Carranza estuvo encerrado en Valladolid más de siete años. Entonces surgió un nuevo problema, que alargó el proceso hasta extremos inconcebibles. Felipe II se dio cuenta de que la Inquisición constituía un magnífico instrumento de control sobre sus posesiones y, al mismo tiempo, el más fuerte valladar contra los peligros de herejía. En consecuencia, trató de identificar su poder con el de la Inquisición. Los inquisidores, esperando de esta política un aumento de su propio poder, apoyaron al rey, enfrentándose incluso con los papas. La víctima de este forcejeo entre el papa y el rey fue el infortunado Carranza. Los papas no se atrevían a romper con Felipe, porque necesitaban su apoyo militar. Éste tampoco rompía con los papas porque, como defensor de la cristiandad, necesitaba el prestigio que sólo ellos podían conferirle; pero sobre todo porque necesitaba los ingresos que le proporcionaba la Iglesia española y los subsidios que el clero le concedía precisamente para que defendiese sus intereses frente a la curia romana. Felipe exigía que Carranza fuese juzgado por la Inquisición española. El Papa pedía que se transfiriese el proceso a los tribunales romanos. En 1566, Valdés es sustituido por un nuevo inquisidor, el cardenal Espinosa. Las medidas de rigor adoptadas por Valdés se suavizaron. El proceso de Carranza se transfirió finalmente a Roma.

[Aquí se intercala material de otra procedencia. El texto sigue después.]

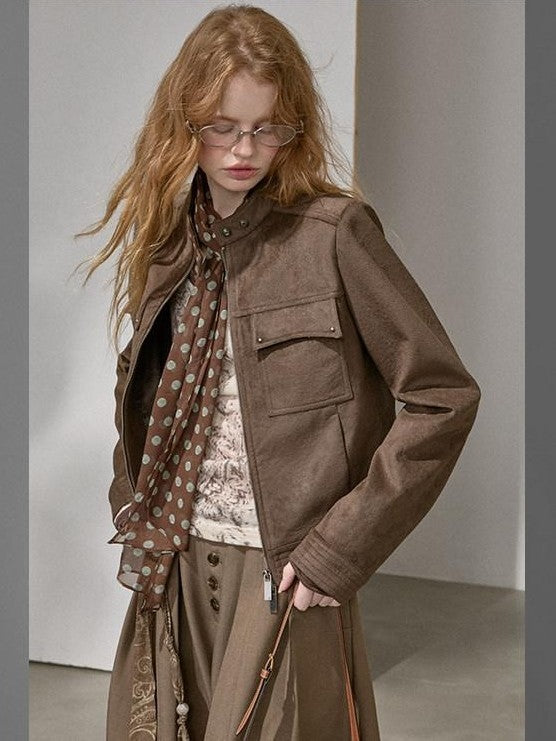 DIDDI MODA Chestnut Knit Jacket And Khaki Skirt Women&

La Corona se aprovechó de la situación en que estaba el arzobispo de Toledo para adueñarse de los enormes ingresos de la sede toledana. Todavía se prolongó varios años el proceso. En total, diecisiete. Finalmente, Carranza vio cómo su catecismo volvía a ser incluído en el índice de libros prohibidos.
La sorda guerra que se hicieron el rey de España y los pontífices a propósito del control de la Iglesia española, no cabe duda que debilitó las fuerzas de la Contrarreforma. Las intromisiones de la Corona en los asuntos puramente eclesiásticos se evidenciaron, por ejemplo, en muestras de regalismo tales como someter los decretos tridentinos al examen del Consejo de Castilla, el declarar nulos los breves pontificios que citaban a súbditos españoles ante tribunales extranjeros, el examen de las bulas papales por parte del monarca y la eventual prohibición de publicarlas en sus dominios si él lo consideraba necesario.
El comportamiento de Felipe muestra que en el fondo de su corazón consideraba la religión como un asunto demasiado serio para dejarlo en manos del Papa. Temeroso de la herejía, no quiso confiar en nadie sino en sí mismo y en los agentes por él escogidos para desarraigarla de sus posesiones. Felipe, en resumen, estaba dispuesto a ser más papista que el Papa.